-- Opening Marker --
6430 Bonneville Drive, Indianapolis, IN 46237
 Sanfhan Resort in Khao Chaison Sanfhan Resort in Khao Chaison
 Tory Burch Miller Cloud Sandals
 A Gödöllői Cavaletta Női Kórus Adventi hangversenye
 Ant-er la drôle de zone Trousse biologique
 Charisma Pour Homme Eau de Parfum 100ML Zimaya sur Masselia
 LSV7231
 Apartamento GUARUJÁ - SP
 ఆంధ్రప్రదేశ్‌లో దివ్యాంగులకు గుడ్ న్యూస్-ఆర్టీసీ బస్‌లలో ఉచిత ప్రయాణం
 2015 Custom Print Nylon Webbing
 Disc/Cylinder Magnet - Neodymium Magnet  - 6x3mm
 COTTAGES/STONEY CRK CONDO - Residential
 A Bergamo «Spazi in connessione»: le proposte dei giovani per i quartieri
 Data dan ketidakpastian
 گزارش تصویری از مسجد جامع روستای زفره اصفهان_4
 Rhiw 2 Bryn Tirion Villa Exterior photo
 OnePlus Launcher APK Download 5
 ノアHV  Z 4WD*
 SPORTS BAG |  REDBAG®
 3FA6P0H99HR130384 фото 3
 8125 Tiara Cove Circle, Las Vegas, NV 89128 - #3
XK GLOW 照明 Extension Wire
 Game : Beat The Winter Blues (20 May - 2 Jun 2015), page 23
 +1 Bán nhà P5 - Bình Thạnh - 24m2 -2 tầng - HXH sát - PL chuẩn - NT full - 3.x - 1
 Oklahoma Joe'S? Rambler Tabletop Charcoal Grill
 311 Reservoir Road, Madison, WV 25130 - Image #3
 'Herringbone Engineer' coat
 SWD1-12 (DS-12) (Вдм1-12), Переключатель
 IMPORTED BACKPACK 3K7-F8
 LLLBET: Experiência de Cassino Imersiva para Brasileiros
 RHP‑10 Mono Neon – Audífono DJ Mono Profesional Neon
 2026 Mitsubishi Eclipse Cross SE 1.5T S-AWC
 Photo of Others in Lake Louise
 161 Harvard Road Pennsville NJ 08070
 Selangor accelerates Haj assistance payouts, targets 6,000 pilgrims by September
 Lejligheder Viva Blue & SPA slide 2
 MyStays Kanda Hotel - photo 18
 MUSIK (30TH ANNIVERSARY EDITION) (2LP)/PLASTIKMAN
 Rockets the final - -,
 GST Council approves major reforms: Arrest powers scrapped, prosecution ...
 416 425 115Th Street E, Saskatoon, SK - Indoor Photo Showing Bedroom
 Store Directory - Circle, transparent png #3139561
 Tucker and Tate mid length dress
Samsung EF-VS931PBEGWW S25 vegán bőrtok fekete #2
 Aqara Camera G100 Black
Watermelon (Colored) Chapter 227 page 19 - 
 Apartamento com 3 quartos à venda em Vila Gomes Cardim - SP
-- Closing Marker --
# GOAL OF THE EXERCISE:
The answer is all of the material, given again exactly.

# RESPONSE FOR THIS EXERCISE:
6430 Bonneville Drive, Indianapolis, IN 46237
 Sanfhan Resort in Khao Chaison Sanfhan Resort in Khao Chaison
 Tory Burch Miller Cloud Sandals
 A Gödöllői Cavaletta Női Kórus Adventi hangversenye
 Ant-er la drôle de zone Trousse biologique
 Charisma Pour Homme Eau de Parfum 100ML Zimaya sur Masselia
 LSV7231
 Apartamento GUARUJÁ - SP
 ఆంధ్రప్రదేశ్‌లో దివ్యాంగులకు గుడ్ న్యూస్-ఆర్టీసీ బస్‌లలో ఉచిత ప్రయాణం
 2015 Custom Print Nylon Webbing
 Disc/Cylinder Magnet - Neodymium Magnet  - 6x3mm
 COTTAGES/STONEY CRK CONDO - Residential
 A Bergamo «Spazi in connessione»: le proposte dei giovani per i quartieri
 Data dan ketidakpastian
 گزارش تصویری از مسجد جامع روستای زفره اصفهان_4
 Rhiw 2 Bryn Tirion Villa Exterior photo
 OnePlus Launcher APK Download 5
 ノアHV  Z 4WD*
 SPORTS BAG |  REDBAG®
 3FA6P0H99HR130384 фото 3
 8125 Tiara Cove Circle, Las Vegas, NV 89128 - #3
XK GLOW 照明 Extension Wire
 Game : Beat The Winter Blues (20 May - 2 Jun 2015), page 23
 +1 Bán nhà P5 - Bình Thạnh - 24m2 -2 tầng - HXH sát - PL chuẩn - NT full - 3.x - 1
 Oklahoma Joe'S? Rambler Tabletop Charcoal Grill
 311 Reservoir Road, Madison, WV 25130 - Image #3
 'Herringbone Engineer' coat
 SWD1-12 (DS-12) (Вдм1-12), Переключатель
 IMPORTED BACKPACK 3K7-F8
 LLLBET: Experiência de Cassino Imersiva para Brasileiros
 RHP‑10 Mono Neon – Audífono DJ Mono Profesional Neon
 2026 Mitsubishi Eclipse Cross SE 1.5T S-AWC
 Photo of Others in Lake Louise
 161 Harvard Road Pennsville NJ 08070
 Selangor accelerates Haj assistance payouts, targets 6,000 pilgrims by September
 Lejligheder Viva Blue & SPA slide 2
 MyStays Kanda Hotel - photo 18
 MUSIK (30TH ANNIVERSARY EDITION) (2LP)/PLASTIKMAN
 Rockets the final - -,
 GST Council approves major reforms: Arrest powers scrapped, prosecution ...
 416 425 115Th Street E, Saskatoon, SK - Indoor Photo Showing Bedroom
 Store Directory - Circle, transparent png #3139561
 Tucker and Tate mid length dress
Samsung EF-VS931PBEGWW S25 vegán bőrtok fekete #2
 Aqara Camera G100 Black
Watermelon (Colored) Chapter 227 page 19 - 
 Apartamento com 3 quartos à venda em Vila Gomes Cardim - SP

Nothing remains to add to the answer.